# What to work on
Take the material below and output exactly the run of lines from the one containing "Photo of 2006 Silver Jaguar XK8" down to the one containing "464 Glenview Drive Greencastle, IN 46135", with both included.

# Data for review
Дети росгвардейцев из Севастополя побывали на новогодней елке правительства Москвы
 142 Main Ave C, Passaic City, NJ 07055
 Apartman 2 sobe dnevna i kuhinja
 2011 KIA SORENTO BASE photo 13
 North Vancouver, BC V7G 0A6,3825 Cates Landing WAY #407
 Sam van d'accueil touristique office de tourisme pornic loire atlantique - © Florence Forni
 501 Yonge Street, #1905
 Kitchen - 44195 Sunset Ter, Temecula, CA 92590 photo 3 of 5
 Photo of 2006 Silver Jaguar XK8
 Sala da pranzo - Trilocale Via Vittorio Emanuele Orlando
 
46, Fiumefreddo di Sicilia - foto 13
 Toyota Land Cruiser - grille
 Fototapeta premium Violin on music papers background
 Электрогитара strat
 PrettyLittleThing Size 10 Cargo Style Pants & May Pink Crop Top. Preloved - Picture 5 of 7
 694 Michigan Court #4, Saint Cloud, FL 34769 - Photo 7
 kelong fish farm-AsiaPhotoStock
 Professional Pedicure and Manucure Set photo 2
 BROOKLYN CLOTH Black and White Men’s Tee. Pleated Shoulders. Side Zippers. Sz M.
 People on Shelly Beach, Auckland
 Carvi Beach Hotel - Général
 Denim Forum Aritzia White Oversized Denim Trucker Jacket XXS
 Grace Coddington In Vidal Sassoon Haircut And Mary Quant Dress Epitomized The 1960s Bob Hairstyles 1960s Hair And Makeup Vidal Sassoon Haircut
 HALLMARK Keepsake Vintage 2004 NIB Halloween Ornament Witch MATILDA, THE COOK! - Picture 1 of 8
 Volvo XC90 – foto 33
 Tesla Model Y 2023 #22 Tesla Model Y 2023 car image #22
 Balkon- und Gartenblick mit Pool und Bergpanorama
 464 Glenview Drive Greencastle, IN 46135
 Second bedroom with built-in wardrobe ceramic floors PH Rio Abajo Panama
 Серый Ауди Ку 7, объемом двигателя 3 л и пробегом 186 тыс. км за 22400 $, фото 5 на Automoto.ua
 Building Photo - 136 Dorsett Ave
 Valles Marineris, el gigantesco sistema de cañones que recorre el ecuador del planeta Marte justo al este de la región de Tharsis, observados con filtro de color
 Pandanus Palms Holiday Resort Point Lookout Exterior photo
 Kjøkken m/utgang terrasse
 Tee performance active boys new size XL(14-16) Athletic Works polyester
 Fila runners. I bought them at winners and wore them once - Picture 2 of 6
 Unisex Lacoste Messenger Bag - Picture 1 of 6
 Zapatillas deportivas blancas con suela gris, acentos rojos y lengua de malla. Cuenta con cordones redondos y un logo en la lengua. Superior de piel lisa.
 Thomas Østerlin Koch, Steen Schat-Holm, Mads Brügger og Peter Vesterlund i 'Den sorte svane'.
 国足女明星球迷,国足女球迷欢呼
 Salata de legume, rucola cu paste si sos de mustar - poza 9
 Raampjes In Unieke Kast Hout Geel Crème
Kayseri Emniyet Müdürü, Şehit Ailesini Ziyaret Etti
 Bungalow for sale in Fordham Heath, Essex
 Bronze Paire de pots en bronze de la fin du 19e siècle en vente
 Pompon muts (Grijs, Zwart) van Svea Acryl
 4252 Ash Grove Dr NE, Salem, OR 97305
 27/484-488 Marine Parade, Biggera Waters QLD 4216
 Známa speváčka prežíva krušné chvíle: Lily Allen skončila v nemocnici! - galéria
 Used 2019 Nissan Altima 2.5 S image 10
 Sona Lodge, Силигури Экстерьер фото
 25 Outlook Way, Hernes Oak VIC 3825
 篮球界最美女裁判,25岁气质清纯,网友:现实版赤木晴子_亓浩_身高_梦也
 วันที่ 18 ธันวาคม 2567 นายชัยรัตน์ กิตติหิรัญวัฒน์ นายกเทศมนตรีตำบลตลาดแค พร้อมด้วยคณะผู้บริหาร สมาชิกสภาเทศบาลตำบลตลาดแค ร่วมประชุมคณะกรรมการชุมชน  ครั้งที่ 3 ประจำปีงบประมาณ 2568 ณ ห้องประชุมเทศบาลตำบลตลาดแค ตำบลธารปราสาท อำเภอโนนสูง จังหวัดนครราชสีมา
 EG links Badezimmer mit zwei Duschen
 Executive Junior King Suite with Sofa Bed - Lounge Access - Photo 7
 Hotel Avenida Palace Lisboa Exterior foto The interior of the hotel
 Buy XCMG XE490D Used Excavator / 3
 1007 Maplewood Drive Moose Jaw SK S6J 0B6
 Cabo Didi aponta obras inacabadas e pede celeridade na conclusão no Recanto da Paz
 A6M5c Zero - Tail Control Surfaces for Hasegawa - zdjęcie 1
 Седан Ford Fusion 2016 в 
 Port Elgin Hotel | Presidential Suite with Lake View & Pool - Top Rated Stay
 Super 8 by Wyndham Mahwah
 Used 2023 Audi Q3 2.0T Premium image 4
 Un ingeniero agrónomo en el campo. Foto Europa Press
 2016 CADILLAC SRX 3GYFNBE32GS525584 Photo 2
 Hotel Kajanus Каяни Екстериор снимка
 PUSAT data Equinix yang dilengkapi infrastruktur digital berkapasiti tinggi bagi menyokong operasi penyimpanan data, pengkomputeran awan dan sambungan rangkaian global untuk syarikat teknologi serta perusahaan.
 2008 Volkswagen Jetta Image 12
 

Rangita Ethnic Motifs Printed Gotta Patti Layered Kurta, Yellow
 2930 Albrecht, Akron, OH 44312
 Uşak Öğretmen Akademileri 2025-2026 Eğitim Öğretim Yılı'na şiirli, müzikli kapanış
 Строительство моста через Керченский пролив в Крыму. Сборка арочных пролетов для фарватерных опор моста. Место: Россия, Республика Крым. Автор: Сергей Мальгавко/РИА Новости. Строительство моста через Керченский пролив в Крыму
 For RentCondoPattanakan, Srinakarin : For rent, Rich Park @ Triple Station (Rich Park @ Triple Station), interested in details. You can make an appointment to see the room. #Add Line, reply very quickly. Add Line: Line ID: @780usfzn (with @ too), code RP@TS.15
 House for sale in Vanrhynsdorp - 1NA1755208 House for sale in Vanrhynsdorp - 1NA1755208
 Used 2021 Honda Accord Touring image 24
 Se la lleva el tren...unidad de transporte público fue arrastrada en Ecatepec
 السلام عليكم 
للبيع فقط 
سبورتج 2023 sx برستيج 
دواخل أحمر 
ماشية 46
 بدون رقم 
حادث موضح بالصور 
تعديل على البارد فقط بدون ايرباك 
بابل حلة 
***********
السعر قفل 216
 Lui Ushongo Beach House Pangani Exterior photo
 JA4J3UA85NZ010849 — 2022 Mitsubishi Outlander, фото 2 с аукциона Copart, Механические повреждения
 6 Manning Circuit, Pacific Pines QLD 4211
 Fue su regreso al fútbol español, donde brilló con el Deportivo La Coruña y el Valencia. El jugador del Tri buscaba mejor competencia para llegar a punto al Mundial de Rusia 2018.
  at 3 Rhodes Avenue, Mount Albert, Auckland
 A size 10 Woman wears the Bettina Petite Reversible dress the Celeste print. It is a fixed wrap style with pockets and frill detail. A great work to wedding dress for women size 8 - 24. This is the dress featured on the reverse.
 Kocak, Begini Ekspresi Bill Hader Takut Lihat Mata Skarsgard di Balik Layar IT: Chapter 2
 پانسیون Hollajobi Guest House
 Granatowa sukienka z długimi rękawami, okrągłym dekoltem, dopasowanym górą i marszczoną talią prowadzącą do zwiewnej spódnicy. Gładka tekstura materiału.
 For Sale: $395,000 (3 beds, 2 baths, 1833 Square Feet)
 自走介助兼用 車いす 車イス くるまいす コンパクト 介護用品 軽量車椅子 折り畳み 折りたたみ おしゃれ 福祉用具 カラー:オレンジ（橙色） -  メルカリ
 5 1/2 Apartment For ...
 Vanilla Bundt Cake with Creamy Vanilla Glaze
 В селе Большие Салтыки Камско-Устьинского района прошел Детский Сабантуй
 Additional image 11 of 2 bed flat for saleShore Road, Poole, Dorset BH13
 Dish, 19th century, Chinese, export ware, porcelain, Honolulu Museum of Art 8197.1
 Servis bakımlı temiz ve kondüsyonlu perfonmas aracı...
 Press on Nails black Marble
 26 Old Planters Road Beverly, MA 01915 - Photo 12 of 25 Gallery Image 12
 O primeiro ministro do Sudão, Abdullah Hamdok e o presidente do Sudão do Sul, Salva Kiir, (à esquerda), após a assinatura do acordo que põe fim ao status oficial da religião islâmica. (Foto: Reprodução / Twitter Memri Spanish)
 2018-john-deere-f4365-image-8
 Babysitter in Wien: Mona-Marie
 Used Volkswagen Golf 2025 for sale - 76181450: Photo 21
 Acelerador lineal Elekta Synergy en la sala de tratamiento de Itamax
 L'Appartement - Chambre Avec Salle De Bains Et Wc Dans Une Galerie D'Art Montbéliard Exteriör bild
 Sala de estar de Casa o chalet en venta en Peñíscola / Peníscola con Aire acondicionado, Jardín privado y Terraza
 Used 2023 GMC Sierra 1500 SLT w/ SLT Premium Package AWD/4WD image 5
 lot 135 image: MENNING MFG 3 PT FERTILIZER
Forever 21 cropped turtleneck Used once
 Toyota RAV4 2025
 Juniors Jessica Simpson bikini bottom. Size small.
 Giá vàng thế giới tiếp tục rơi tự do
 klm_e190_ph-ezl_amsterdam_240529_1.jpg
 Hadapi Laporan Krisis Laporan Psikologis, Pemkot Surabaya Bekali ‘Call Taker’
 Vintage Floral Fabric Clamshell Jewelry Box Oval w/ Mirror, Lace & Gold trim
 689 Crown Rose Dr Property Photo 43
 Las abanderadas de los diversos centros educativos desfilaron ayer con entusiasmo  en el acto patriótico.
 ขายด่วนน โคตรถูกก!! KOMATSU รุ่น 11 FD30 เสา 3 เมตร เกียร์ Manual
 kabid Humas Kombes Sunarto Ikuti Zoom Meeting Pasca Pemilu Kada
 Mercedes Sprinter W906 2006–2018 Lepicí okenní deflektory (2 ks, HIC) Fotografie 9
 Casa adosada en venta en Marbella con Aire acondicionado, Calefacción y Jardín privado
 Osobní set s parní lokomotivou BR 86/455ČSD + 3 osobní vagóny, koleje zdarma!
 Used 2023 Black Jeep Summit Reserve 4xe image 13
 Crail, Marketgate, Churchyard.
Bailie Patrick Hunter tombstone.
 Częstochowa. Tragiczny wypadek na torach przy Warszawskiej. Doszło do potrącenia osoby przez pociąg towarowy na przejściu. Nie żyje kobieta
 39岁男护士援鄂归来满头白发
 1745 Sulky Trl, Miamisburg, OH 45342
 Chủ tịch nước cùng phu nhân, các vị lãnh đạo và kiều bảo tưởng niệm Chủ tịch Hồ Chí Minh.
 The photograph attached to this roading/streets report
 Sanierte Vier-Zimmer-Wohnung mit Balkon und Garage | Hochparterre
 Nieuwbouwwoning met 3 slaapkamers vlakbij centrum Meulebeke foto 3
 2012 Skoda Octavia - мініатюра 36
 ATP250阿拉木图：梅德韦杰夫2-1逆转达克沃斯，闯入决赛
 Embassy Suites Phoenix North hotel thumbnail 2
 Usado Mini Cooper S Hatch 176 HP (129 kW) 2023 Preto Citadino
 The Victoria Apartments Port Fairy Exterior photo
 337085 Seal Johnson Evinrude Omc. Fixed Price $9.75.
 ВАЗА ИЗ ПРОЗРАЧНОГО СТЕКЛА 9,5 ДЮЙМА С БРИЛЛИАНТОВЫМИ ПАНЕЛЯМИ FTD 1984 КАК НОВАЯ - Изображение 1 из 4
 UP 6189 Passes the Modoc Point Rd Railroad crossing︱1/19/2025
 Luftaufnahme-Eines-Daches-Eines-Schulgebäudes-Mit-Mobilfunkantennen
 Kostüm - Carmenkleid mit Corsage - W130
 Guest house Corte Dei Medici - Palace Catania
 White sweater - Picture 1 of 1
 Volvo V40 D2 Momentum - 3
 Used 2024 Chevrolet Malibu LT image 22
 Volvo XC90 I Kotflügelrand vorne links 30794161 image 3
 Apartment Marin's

# Answer area
 Photo of 2006 Silver Jaguar XK8
 Sala da pranzo - Trilocale Via Vittorio Emanuele Orlando
 
46, Fiumefreddo di Sicilia - foto 13
 Toyota Land Cruiser - grille
 Fototapeta premium Violin on music papers background
 Электрогитара strat
 PrettyLittleThing Size 10 Cargo Style Pants & May Pink Crop Top. Preloved - Picture 5 of 7
 694 Michigan Court #4, Saint Cloud, FL 34769 - Photo 7
 kelong fish farm-AsiaPhotoStock
 Professional Pedicure and Manucure Set photo 2
 BROOKLYN CLOTH Black and White Men’s Tee. Pleated Shoulders. Side Zippers. Sz M.
 People on Shelly Beach, Auckland
 Carvi Beach Hotel - Général
 Denim Forum Aritzia White Oversized Denim Trucker Jacket XXS
 Grace Coddington In Vidal Sassoon Haircut And Mary Quant Dress Epitomized The 1960s Bob Hairstyles 1960s Hair And Makeup Vidal Sassoon Haircut
 HALLMARK Keepsake Vintage 2004 NIB Halloween Ornament Witch MATILDA, THE COOK! - Picture 1 of 8
 Volvo XC90 – foto 33
 Tesla Model Y 2023 #22 Tesla Model Y 2023 car image #22
 Balkon- und Gartenblick mit Pool und Bergpanorama
 464 Glenview Drive Greencastle, IN 46135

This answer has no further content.